> _Problem to work on_: Look through the entries below and extract exactly the lines from the one containing "Fleurs bouillonnantes (Devant horizontal)" through the one containing "skeleton silhouette in intimidating pose N2", ends included.

--- Excerpted data Enclosed Below ---

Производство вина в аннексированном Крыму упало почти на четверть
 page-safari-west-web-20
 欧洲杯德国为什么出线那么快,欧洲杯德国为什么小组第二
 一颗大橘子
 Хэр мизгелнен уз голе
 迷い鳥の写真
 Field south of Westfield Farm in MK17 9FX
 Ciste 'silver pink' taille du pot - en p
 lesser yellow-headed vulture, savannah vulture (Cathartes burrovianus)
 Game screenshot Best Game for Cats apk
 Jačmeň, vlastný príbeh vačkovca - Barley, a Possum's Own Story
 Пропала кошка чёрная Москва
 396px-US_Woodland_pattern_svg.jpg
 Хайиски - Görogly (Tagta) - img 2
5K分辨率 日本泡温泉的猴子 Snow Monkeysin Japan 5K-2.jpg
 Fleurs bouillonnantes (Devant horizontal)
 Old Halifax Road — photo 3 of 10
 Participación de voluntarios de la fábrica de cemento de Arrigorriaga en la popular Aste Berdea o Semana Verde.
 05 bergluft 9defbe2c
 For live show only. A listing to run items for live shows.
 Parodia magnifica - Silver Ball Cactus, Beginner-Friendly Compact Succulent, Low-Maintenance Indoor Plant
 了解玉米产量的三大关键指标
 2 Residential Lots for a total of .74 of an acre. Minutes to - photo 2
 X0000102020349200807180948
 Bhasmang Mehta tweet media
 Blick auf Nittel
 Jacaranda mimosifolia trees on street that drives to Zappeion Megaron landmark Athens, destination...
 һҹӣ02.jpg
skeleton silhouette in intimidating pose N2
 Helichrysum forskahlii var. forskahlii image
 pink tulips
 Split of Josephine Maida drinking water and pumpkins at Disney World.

--- End of Enclosed Excerpted data ---

> _Task answer_:
 Fleurs bouillonnantes (Devant horizontal)
 Old Halifax Road — photo 3 of 10
 Participación de voluntarios de la fábrica de cemento de Arrigorriaga en la popular Aste Berdea o Semana Verde.
 05 bergluft 9defbe2c
 For live show only. A listing to run items for live shows.
 Parodia magnifica - Silver Ball Cactus, Beginner-Friendly Compact Succulent, Low-Maintenance Indoor Plant
 了解玉米产量的三大关键指标
 2 Residential Lots for a total of .74 of an acre. Minutes to - photo 2
 X0000102020349200807180948
 Bhasmang Mehta tweet media
 Blick auf Nittel
 Jacaranda mimosifolia trees on street that drives to Zappeion Megaron landmark Athens, destination...
 һҹӣ02.jpg
skeleton silhouette in intimidating pose N2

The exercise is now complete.